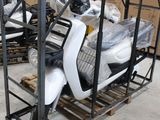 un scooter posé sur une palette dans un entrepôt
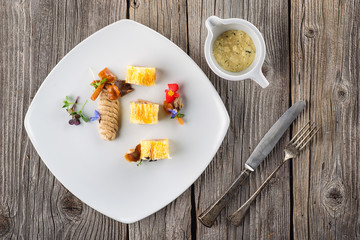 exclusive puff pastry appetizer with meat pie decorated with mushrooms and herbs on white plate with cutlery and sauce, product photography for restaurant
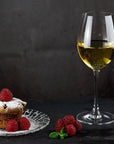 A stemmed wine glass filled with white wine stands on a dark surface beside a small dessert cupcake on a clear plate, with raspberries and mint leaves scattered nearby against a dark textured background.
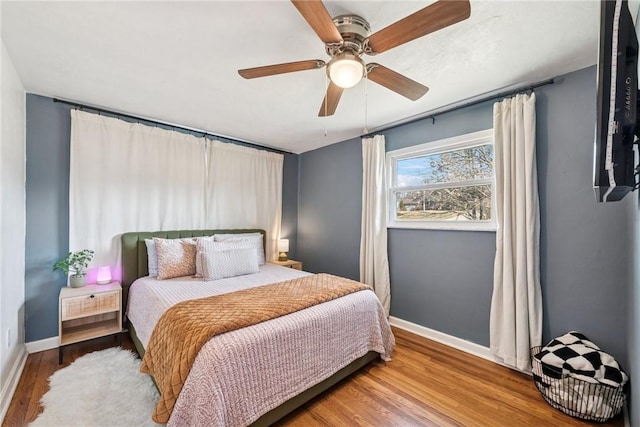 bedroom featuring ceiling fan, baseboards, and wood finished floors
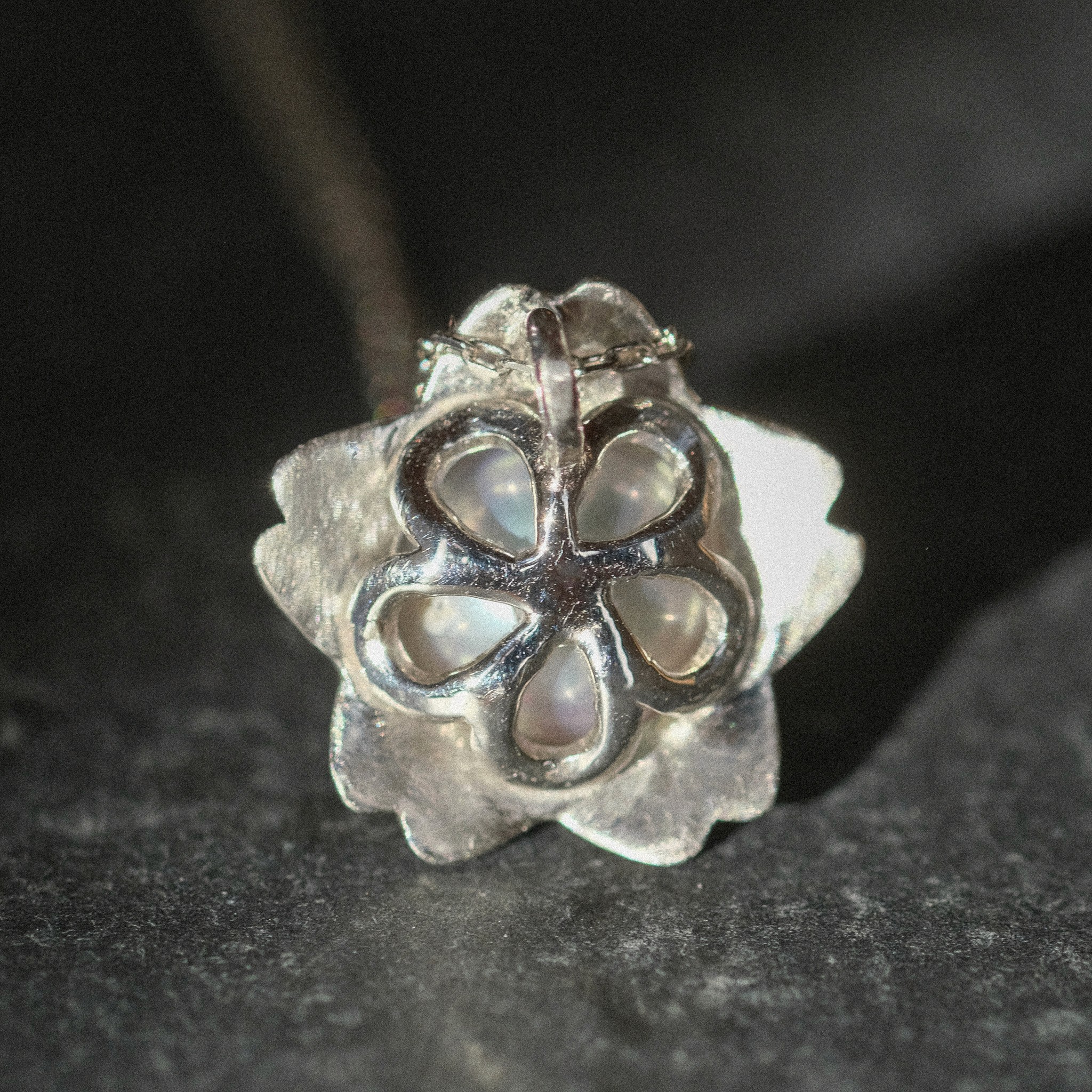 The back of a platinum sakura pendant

§ **Task brief**: Your answer must be the lines from the one containing "bedroom featuring ceiling" through the last line of the records, copied exactly, with no pictures.

§ **Expected output**:
 bedroom featuring ceiling fan, baseboards, and wood finished floors
 The back of a platinum sakura pendant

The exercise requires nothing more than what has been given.